**About this task**. Filter out all lines without the word "Used" from the data below, please, and copy the rest.
+---+
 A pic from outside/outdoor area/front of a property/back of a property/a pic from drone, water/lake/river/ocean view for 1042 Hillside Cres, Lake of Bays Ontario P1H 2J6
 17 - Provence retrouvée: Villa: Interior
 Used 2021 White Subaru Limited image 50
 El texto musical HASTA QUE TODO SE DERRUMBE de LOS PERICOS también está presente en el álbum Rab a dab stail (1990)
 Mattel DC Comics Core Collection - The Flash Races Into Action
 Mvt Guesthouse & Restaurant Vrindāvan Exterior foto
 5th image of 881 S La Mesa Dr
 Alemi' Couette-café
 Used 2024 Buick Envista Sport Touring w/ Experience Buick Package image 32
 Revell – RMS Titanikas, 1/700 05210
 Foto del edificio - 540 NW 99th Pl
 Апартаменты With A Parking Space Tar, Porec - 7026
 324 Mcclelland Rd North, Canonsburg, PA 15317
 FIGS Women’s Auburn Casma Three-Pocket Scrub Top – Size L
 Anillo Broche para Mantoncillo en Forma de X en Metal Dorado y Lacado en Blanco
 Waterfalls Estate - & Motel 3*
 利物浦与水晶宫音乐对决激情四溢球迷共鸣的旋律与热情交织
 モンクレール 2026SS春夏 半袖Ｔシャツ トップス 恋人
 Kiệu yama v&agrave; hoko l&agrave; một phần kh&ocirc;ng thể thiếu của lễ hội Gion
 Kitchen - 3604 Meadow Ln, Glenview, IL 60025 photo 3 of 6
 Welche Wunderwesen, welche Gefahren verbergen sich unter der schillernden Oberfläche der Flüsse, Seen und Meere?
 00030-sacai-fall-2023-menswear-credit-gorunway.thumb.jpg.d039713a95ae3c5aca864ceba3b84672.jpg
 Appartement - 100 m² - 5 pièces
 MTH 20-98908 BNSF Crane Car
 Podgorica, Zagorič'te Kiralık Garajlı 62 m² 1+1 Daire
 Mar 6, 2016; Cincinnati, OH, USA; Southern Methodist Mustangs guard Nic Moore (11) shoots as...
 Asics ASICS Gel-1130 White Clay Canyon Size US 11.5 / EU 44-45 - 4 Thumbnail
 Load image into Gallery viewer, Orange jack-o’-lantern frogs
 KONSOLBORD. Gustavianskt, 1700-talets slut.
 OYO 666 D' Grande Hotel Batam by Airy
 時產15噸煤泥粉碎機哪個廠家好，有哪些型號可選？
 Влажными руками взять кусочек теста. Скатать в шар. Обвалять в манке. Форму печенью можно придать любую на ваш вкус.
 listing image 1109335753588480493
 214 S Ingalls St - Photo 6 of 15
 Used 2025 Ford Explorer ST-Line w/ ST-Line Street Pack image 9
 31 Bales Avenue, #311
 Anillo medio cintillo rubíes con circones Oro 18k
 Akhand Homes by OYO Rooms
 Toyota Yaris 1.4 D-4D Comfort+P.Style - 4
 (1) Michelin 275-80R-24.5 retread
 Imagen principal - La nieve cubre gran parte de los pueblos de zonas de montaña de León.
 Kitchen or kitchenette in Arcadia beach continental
+---+
**Solution for this problem**.
 Used 2021 White Subaru Limited image 50
 Used 2024 Buick Envista Sport Touring w/ Experience Buick Package image 32
 Used 2025 Ford Explorer ST-Line w/ ST-Line Street Pack image 9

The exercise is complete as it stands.